Disparition du chemin de fer mauricien
Est-ce que ce sont des motivations politiques qui ont décidé du sort du chemin de fer mauricien en 1964, date à laquelle le dernier train a cessé ses opérations ? « Difficile de l’affirmer, répond Rambassun Sewpal.
De 1948 à 1953, on a estimé que le train faisait des pertes. Un fait explique en partie cette décision : aux États-Unis, durant l’après-guerre, les usines Ford ont commencé à construire des voitures à la chaîne et celles-ci ont fait leur apparition à Maurice. On a alors commencé à construire des routes et des ponts pour permettre aux autobus et voitures de circuler. On s’est rendu compte que les autobus étaient complémentaires aux trains, mais plus rapides et capables de desservir les petites localités de Maurice. Puis l’entretien des trains était plus onéreux que celui des autobus. »

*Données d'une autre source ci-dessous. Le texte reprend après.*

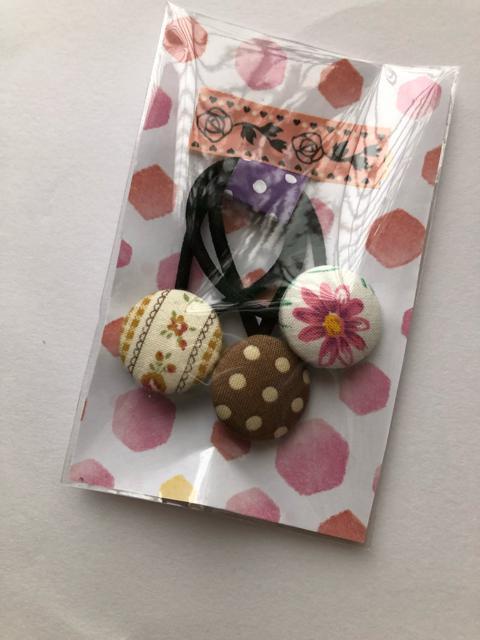 ハンドメイド ヘアゴム くるみボタン コットン < 女性ファッション  ハンドメイド ヘアゴム くるみボタン コットン < 女性ファッションの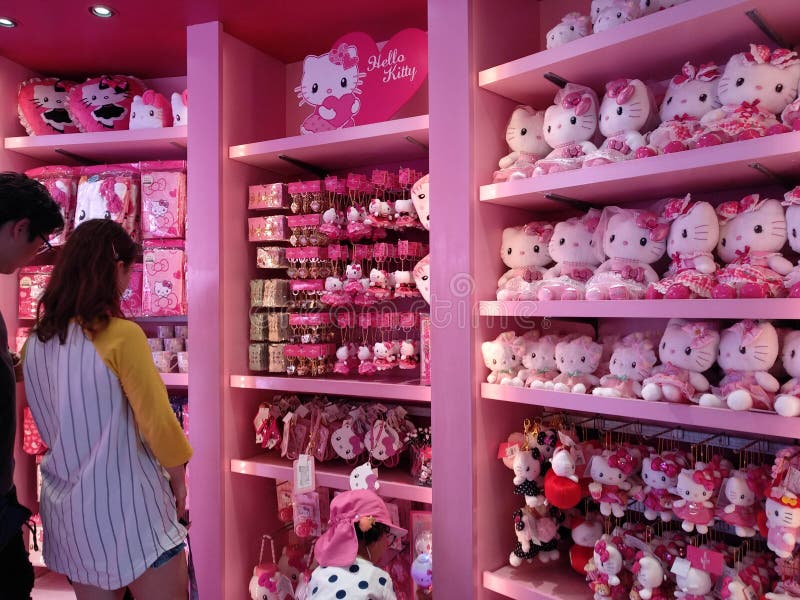 Hello Kitty Store at Universal Studios, Osaka, Japan Editorial Photo -  Image of male, face: 201503826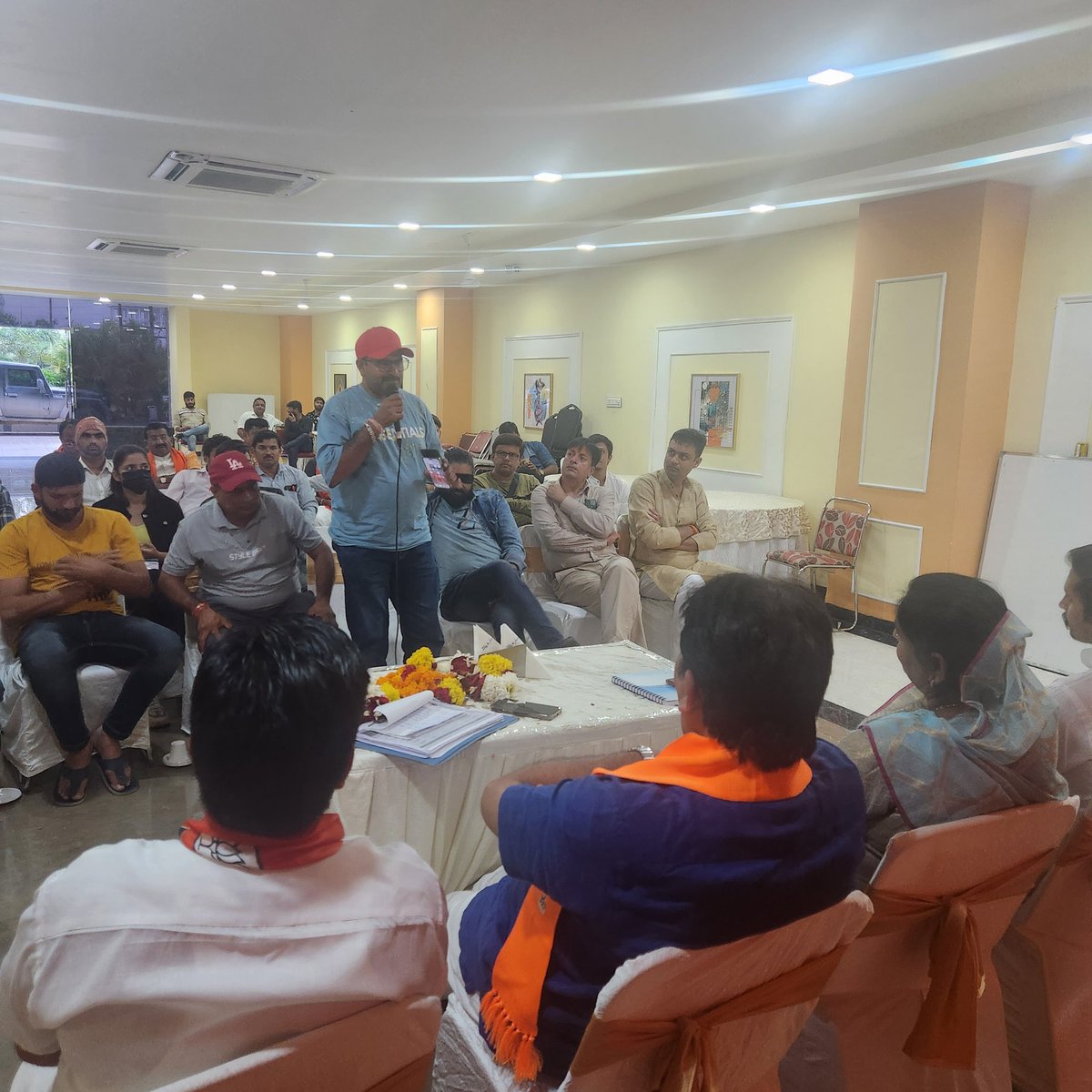 MLASandipDesai's tweet photo. विधायक प्रवास कार्यक्रम के अंतर्गत आज मध्यप्रदेश के इंदौर विधानसभा क्षेत्र क्रमांक 5 के  ��ोशल मीडिया के प्रभावशाली व्यक्तियों एवं इनफ्लूएंसरो से संवाद किया इस अवसर पर श्री मलय दीक्षित,श्री संयम जैन एवं श्री राहुल सोनी उपस्थित रहे। https://t.co/8QUrDRihgO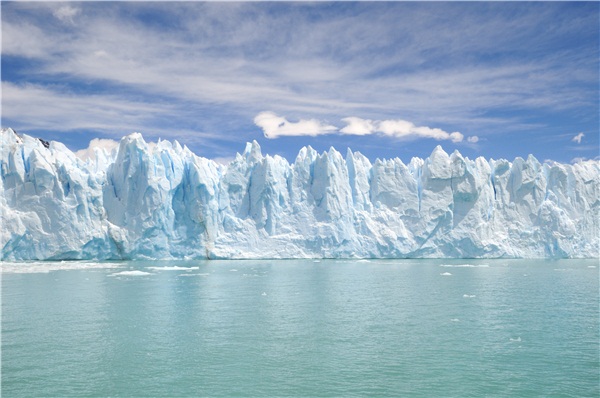qq默认的名片冰川原图图片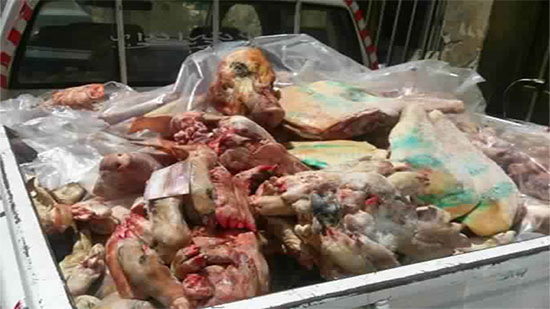 الصحة: إعدام 271 كيلو أغذية فاسدة في حملة على سلسلة مطاعم شهيرة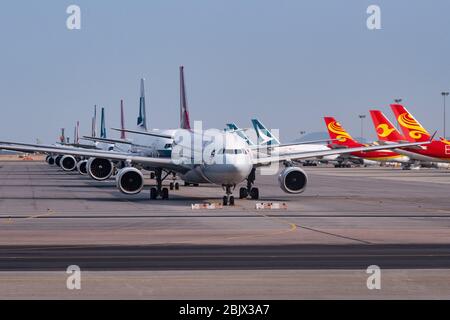 Flugzeuge, die von Cathay Pacific Airways Ltd. Betrieben werden, stehen auf dem Asphalt des Hong Kong International Airport wegen der Covid-19-Pandemie Stockfoto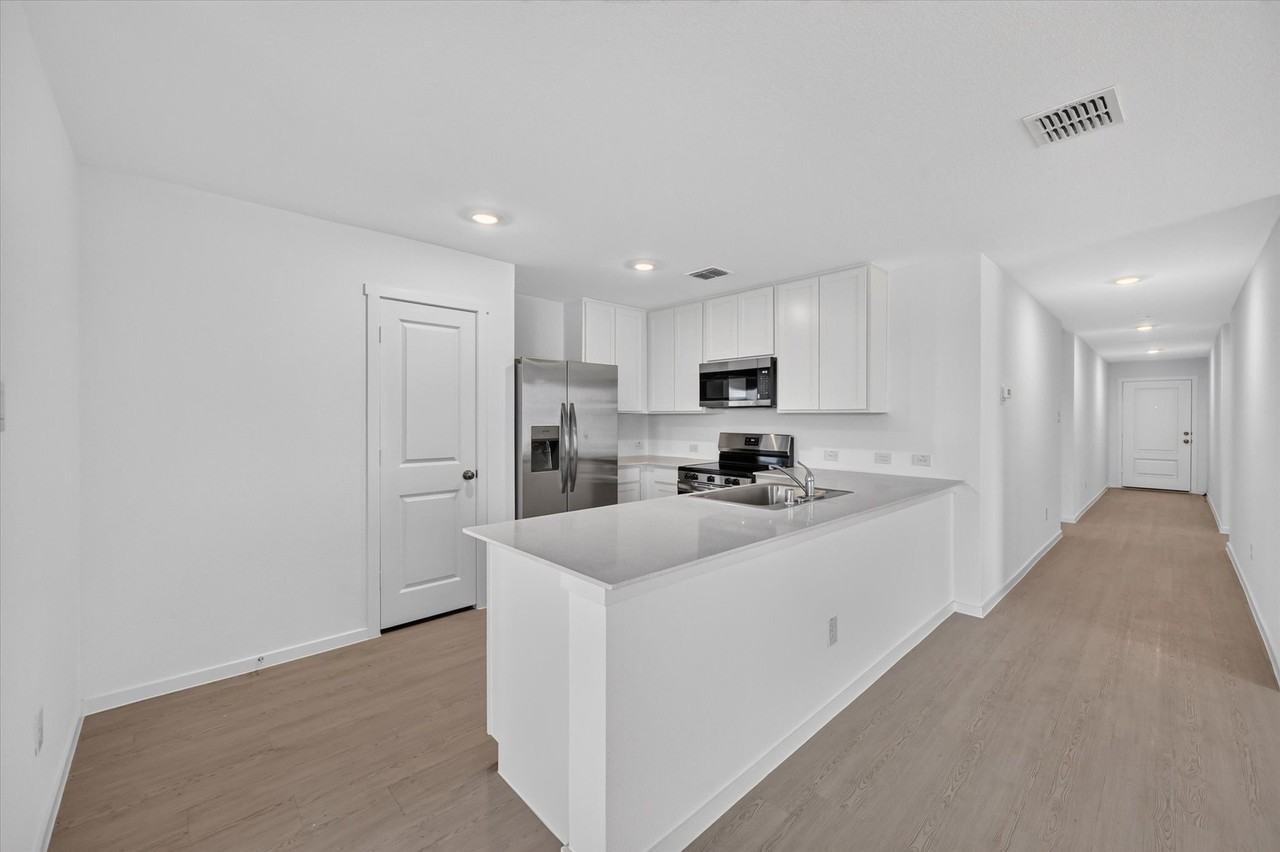 624 W Criner St - Photo 4 of 28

Ces facteurs ont fini par s’imposer aux autorités mauriciennes qui vendront wagons et locomotives à la société sud-africaine Bethleem Steel et une partie des rails à une compagnie indienne. « Aujourd’hui encore, quelques tronçons de l’ancien chemin de fer ont survécu et sont la propriété de l’État. Car durant la construction du chemin de fer, l’État avait acheté des terres pour l'installation des rails. Paradoxalement, il doit aujourd’hui racheter ses propres terres pour son projet de métro », fait comprendre Rambassun Sewpal.